Son père hocha vaguement la tête, toujours inquiet, mais Edward fit son possible pour le rassurer en l'étreignant. Ils gagnèrent ainsi la terrasse et Stefan fut soulagé de voir les bandages qui recouvraient ses plaies. Son fils grimpa sur ses genoux et se fit un plaisir de lui donner un peu de sa glace.
-Vous restez dîner avec nous, les enfants ? Demanda soudain Esmé.
Edward échangea un regard avec Bella, il aurait bien aimé passer un peu de temps en tête à tête avec elle, mais il avait déjà laissé Stefan seul la veille.
-Je pensais que nous pourrions peut-être vous laisser un peu tranquille, nous pourrions aller manger tous les trois à Port Angeles et nous promener sur la jetée avant de rentrer ? Proposa Edward en regardant à tour de rôle Bella et son fils.
-Voui ! S'écria ce dernier ravi.
-Cela me paraît effectivement une bonne idée, accepta Bella. »
Malgré les protestations de ses parents qui assuraient qu'ils ne les dérangeaient pas, Edward emmena son fils dans sa chambre pour le doucher et lui enfiler une tenue propre. Il le laissa à la surveillance de ses grands-parents le temps de se préparer, Bella faisant de même dans la chambre d'ami dont le placard contenait des tenues de rechange, merci Alice, pour toute la famille ne séjournant pas à la villa. Une fois prêts, ils embrassèrent Carlisle et Esmé pour monter dans le tout-terrain et filer vers la petite ville balnéaire. Ils se promenèrent un peu dans les rues avant de trouver un restaurant avec vue sur l'océan que Stefan avait dû mal à quitter des yeux. Ils mangèrent avant d'aller se promener le long de la plage. Edward prit doucement la main de Bella dans la sienne, leurs corps se rapprochèrent alors qu'ils surveillaient Stefan qui s'était mis en tête d'attraper une mouette. Voyant que son fils était occupé, le jeune homme se tourna vers sa compagne, leurs lèvres se trouvèrent, il lâcha sa main pour entourer sa taille pendant qu'elle nouait ses mains derrière sa nuque. Leur baiser s'intensifia et il s'y perdit jusqu'à ce qu'il sente deux petites mains tirer sur sa jambe pour l'éloigner de Bella. A regret, il se détacha de sa douce pour croiser le regard jaloux de son fils. Edward soupira discrètement avant de prendre l'enfant dans ses bras, puis, il passa un bras autour de la taille de la jeune femme. Ils continuèrent à se promener ainsi blottis.

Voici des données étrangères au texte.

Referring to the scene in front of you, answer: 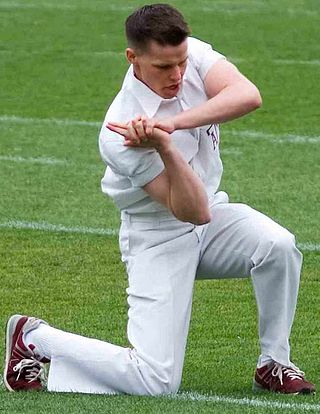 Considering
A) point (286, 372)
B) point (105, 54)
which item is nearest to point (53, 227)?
point (286, 372)

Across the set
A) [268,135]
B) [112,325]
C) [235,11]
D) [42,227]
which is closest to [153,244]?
[112,325]

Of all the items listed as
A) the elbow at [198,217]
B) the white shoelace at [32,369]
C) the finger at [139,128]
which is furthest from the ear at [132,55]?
the white shoelace at [32,369]

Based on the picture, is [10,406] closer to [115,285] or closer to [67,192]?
[115,285]

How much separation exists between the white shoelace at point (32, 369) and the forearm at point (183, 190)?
2.63ft

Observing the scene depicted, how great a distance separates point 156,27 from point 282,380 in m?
1.38

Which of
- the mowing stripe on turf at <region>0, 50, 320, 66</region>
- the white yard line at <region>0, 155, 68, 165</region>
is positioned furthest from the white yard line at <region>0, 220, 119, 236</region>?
the mowing stripe on turf at <region>0, 50, 320, 66</region>

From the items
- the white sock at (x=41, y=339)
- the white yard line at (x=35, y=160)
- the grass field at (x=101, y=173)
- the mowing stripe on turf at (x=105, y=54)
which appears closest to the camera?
the white sock at (x=41, y=339)

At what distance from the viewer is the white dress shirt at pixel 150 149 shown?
5602 millimetres

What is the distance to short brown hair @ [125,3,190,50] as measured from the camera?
5484 millimetres

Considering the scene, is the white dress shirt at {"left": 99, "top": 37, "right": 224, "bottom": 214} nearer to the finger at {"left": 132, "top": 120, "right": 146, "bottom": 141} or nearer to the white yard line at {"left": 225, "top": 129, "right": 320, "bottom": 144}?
the finger at {"left": 132, "top": 120, "right": 146, "bottom": 141}

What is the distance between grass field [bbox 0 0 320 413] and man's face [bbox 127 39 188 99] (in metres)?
1.12

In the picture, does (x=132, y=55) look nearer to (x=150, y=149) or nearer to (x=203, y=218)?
(x=150, y=149)

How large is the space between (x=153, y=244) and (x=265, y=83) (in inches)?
325

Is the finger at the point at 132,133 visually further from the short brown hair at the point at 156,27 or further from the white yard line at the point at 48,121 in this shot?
the white yard line at the point at 48,121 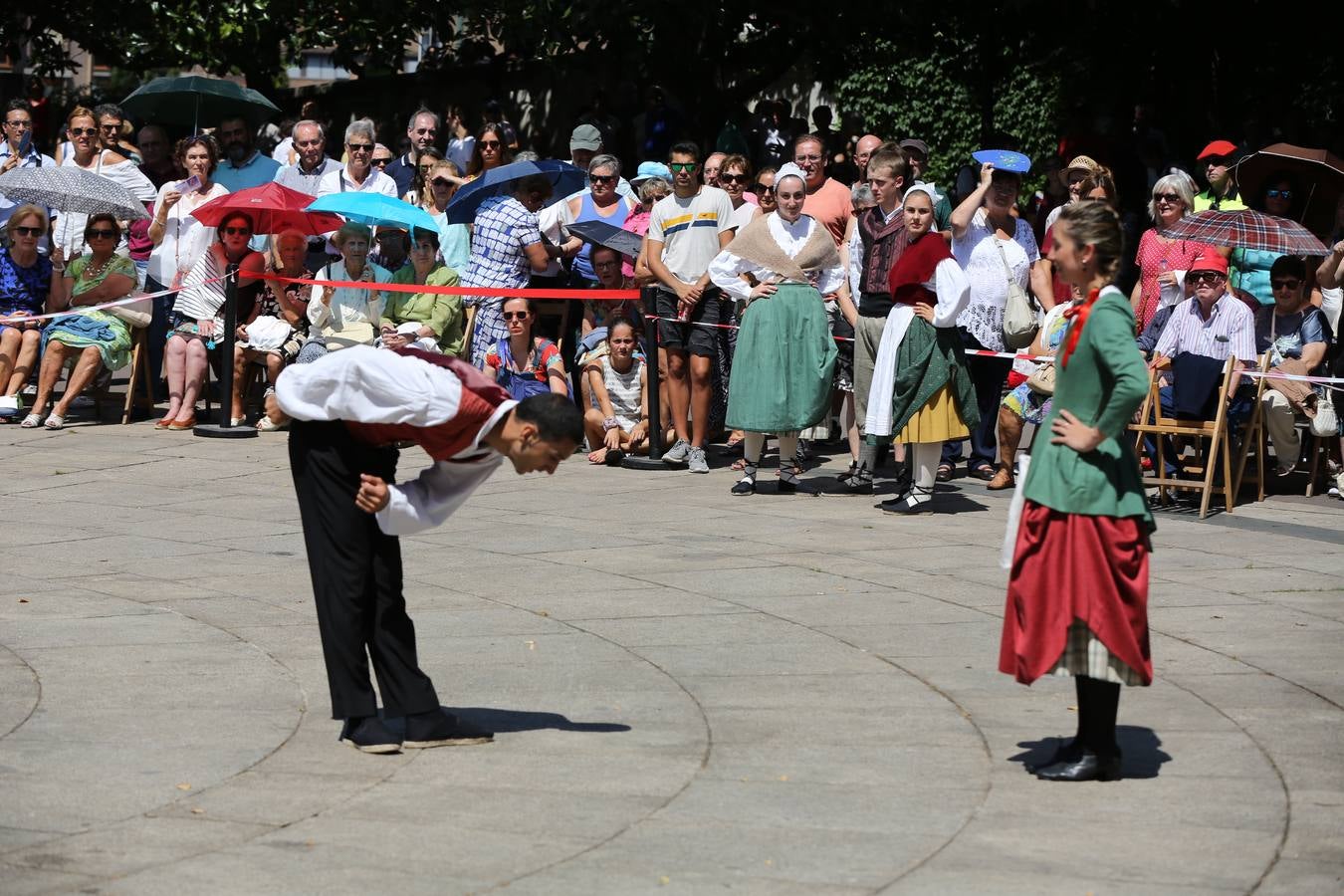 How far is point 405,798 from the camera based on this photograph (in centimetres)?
596

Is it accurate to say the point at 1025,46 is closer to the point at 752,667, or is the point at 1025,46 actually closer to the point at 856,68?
the point at 856,68

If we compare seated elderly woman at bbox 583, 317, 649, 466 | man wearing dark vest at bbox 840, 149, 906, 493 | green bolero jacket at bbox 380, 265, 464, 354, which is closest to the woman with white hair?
man wearing dark vest at bbox 840, 149, 906, 493

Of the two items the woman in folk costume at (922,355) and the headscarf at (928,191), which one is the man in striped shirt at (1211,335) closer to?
the woman in folk costume at (922,355)

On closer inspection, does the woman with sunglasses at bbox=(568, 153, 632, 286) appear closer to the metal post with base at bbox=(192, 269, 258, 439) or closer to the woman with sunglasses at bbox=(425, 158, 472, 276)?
the woman with sunglasses at bbox=(425, 158, 472, 276)

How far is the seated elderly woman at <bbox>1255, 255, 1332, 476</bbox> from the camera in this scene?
12062 millimetres

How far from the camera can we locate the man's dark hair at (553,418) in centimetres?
616

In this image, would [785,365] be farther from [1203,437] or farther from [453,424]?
[453,424]

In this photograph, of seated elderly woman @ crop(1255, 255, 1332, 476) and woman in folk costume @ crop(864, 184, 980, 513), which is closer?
woman in folk costume @ crop(864, 184, 980, 513)

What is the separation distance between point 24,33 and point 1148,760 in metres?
22.9

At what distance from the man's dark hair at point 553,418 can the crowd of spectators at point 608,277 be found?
5.56m

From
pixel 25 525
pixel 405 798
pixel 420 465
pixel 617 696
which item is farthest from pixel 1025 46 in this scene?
pixel 405 798

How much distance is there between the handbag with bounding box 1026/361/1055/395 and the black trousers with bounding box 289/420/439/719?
644 centimetres

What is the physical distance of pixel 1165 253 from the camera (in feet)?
41.7

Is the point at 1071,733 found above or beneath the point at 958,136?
beneath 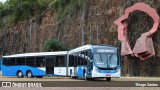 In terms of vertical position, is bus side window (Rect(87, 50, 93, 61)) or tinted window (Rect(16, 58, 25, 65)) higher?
bus side window (Rect(87, 50, 93, 61))

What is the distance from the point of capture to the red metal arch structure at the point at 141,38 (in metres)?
43.1

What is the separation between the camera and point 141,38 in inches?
1706

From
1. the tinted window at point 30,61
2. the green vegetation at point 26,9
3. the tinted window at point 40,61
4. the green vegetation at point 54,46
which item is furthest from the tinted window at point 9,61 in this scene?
the green vegetation at point 26,9

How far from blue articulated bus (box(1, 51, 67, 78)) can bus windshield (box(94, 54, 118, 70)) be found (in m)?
6.04

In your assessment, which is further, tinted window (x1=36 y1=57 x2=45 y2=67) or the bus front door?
tinted window (x1=36 y1=57 x2=45 y2=67)

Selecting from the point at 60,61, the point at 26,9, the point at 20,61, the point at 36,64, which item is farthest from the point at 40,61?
the point at 26,9

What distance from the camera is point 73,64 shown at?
3312 cm

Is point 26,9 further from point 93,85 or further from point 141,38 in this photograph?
point 93,85

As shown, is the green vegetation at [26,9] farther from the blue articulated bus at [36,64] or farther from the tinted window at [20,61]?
the tinted window at [20,61]

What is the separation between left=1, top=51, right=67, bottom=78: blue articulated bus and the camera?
35.0 metres

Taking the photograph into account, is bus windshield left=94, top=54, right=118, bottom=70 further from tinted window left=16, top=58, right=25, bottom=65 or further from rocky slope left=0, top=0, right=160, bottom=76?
rocky slope left=0, top=0, right=160, bottom=76

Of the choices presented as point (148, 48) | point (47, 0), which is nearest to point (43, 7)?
point (47, 0)

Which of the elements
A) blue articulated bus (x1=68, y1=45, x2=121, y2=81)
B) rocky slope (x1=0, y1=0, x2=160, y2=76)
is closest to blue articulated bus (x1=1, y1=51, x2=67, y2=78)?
blue articulated bus (x1=68, y1=45, x2=121, y2=81)

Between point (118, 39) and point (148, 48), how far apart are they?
223 inches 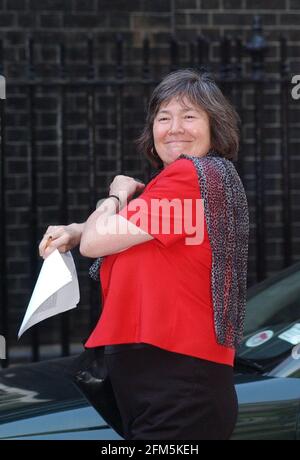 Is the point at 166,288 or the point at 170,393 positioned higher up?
the point at 166,288

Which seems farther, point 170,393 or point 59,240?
point 59,240

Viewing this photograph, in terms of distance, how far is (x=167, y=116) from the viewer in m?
2.80

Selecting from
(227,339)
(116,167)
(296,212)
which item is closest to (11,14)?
(116,167)

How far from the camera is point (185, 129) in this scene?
9.04 ft

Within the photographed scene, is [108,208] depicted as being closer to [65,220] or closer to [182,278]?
[182,278]

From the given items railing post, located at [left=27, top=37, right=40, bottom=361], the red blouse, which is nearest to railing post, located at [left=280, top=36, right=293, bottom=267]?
railing post, located at [left=27, top=37, right=40, bottom=361]

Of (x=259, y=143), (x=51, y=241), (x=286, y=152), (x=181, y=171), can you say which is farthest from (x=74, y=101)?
(x=181, y=171)

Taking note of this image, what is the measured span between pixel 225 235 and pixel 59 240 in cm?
49

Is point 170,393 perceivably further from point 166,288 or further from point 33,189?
point 33,189

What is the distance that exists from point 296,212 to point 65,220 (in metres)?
2.21

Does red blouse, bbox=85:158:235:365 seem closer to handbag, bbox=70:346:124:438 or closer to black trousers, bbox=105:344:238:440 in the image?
black trousers, bbox=105:344:238:440

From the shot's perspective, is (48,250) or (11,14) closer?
(48,250)

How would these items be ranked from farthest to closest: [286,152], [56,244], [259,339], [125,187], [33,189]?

La nuit était tombée sur Port Angeles quand ils arrivèrent à sa voiture. Edward installa Stefan qui s'était endormi dans son siège auto pendant que Bella discutait avec son père assise à l'avant. Le jeune père referma doucement la portière, non sans avoir lancé un dernier regard à son fils. Sa main venait de se poser sur la poignée de la portière quand il sentit soudain les poils sur sa nuque se hérisser. Aussitôt, son regard acéré balaya les environs, mais il ne vit rien de suspect, pourtant, son instinct ne cessait de le mettre en garde contre un danger. Ses yeux se posèrent sur un couple étroitement enlacé sur un banc, sur un homme marchant seul sur la promenade, un clochard fouillant une poubelle et une famille qui passait non loin d'eux pour rejoindre leur véhicule, non, il n'y avait rien d'anormal. Edward allait rentrer dans sa voiture quand il sursauta en voyant la lumière d'un flash. Il chercha d'où pouvait provenir ce dernier, mais il ne vit rien, il remarqua simplement que le clochard n'était plus là.
« -Tout va bien ?
Son cœur fit un bond dans sa poitrine et il dut prendre sur lui pour rester stoïque face à Bella.
-Oui, désolé.
Il sourit à la jeune femme avant de s'installer derrière le volant. Bella jeta un coup d'œil à l'arrière et voyant que Stefan dormait, elle se rapprocha et posa une main sur sa cuisse.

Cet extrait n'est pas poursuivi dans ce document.